Only a small number of companies have managed to establish the practice of departing early, while operators of department stores and amusement facilities are running out of ideas to attract visitors on the designated Fridays.
Travel agency H.I.S. Co. used to highlight the campaign on its website, but the post is now difficult to locate.
“With many people busy at the end of the month, not a lot of people go on holiday because of Premium Friday,” a company official said, questioning the effectiveness of the government-backed campaign.
Yomiuri Land Co., which runs an amusement park, sold discount tickets only for the first Premium Friday event on Feb. 24.
An air of disappointment meanwhile hangs over the department store sector, which has been competing to provide different services, such as events and discounts, for early evening visitors.
“Few people are leaving work early and the effect has not been great,” said Shigeki Yamazaki, managing director of the Japan Department Stores Association.
But there are some businesses that are benefitting from the campaign.
For example, izakaya (traditional taverns) specializing in tuna dishes have seen an increase in customers after cutting prices in the early evenings.
Suntory Beer Ltd., which has actively promoted drinking at home, saw higher sales as well.
But sources in the food service industry said it is unclear whether the increase in sales has been worth the cost of promoting Premium Friday.

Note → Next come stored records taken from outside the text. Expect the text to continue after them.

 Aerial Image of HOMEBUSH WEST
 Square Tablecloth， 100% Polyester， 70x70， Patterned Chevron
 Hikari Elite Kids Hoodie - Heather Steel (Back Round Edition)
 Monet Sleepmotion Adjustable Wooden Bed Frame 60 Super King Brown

According to the Ministry of Economy, Trade and Industry, slightly over 500 companies, mainly big businesses, allow employees to leave early.

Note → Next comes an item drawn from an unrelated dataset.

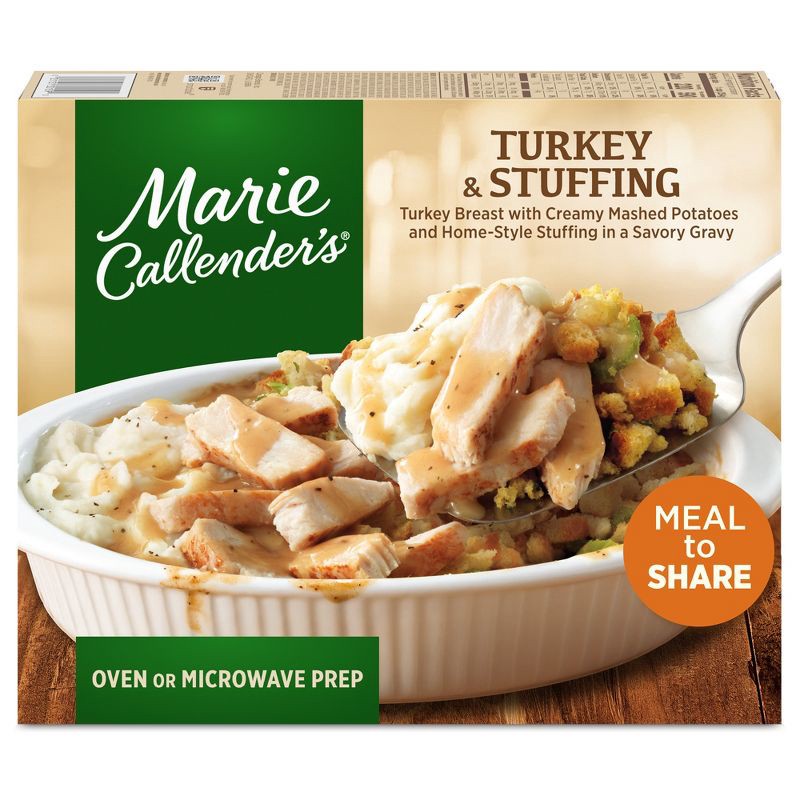 slide 1 of 4, Marie Callender's Frozen Meal For Two Turkey & Stuffing - 24oz, 24 oz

An official at major confectionery maker Morinaga & Co. said its system for letting workers depart early has led to improved productivity.
On the other hand, it is hard for many small companies outside Tokyo and other big cities to introduce such a system, and the movement isn’t spreading throughout Japan.
“Improvements are needed to enable workers to take time off flexibly, not just on busy days at the end of the month,” Toshihiro Nagahama, senior economist at the Dai-ichi Life Research Institute, said. He warned that the Premium Friday campaign will “fizzle out” unless such a measure is taken.
A public-private promotion council set up for the initiative plans to continue the promotional activities.
Akio Mimura, chairman of the Japan Chamber of Commerce and Industry, however, said it is time to make an assessment now that the campaign has entered its sixth month.